Analysts see supply issues largely factored into the price, with the LME cash price expected to average US$ 1918 /tonne in the fourth quarter.
What to expect
It seems China is quite serious this time in its fight against air pollution and environmental inspections, and production curtailments will continue in the following months, at least until air quality significantly improves. China is also dead set on bringing order to the aluminium industry and eliminate unlicensed production capacity. It would not be an exaggeration to claim that the cuts will revolutionise China’s industry this winter, compared to the way it worked like in the past.
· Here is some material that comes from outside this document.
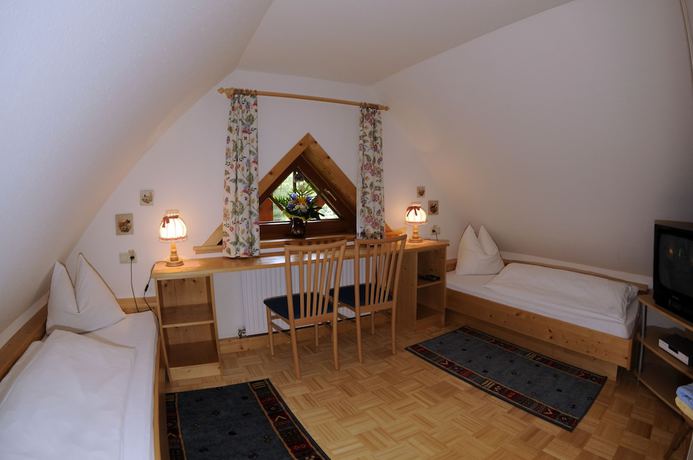 Imagen de la habitación del Casa de Huéspedes Gasthof Pension Appartements Zur Gams. Foto 12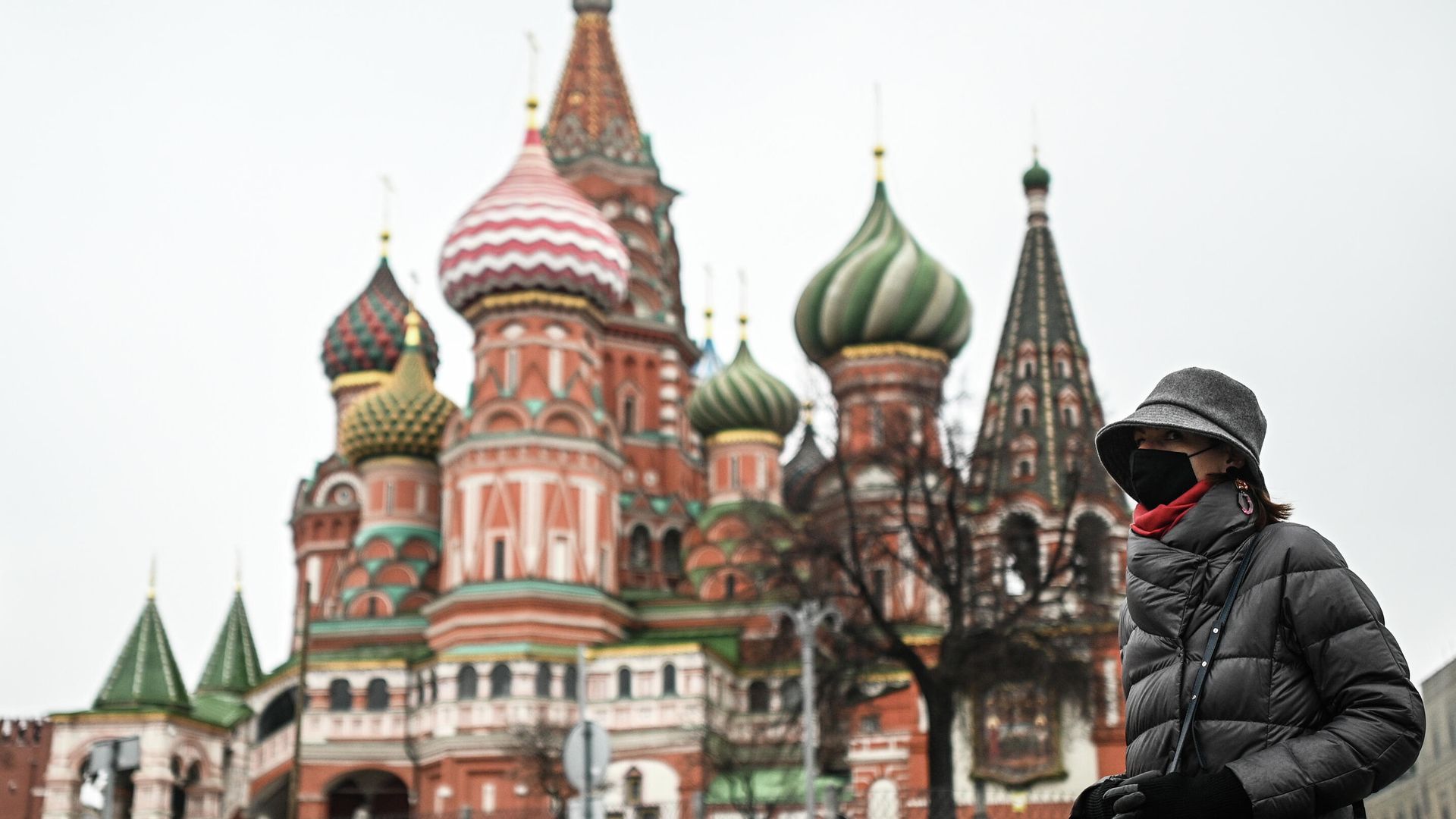 Женщина в защитной маске в Москве Женщина в защитной маске в Москве - РИА Новости, 1920, 11.02.2021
Still, the big question is: what comes next? What will happen after the winter months, and the March 15 deadline. It’s realistic to expect that aluminium, steel, cement etc. producers will try to compensate for four months of cuts with increased production in the rest of the year. And the final result may be that the timeframe for emissions and smog will simply shift.
China’s industrial production, profits, employment and overall economy will weaken during the four month winter period, which together with rising production in the second and third quarter of 2018 will inevitably result in market surpluses and the fall of aluminium and other metal prices.
As a result, this moment is especially important for aluminium producers to plan production and protect sales prices for the next year, by selling in advance at a fixed price or by hedging procedures. A smart move taken at the right time would spare producers from LME price fluctuations and risks associated with potential lower prices in 2018. Who succeeds to sell most of their production for the next year at favourable prices will undoubtedly be the winner. The only unknown variable? Deciding when to sell.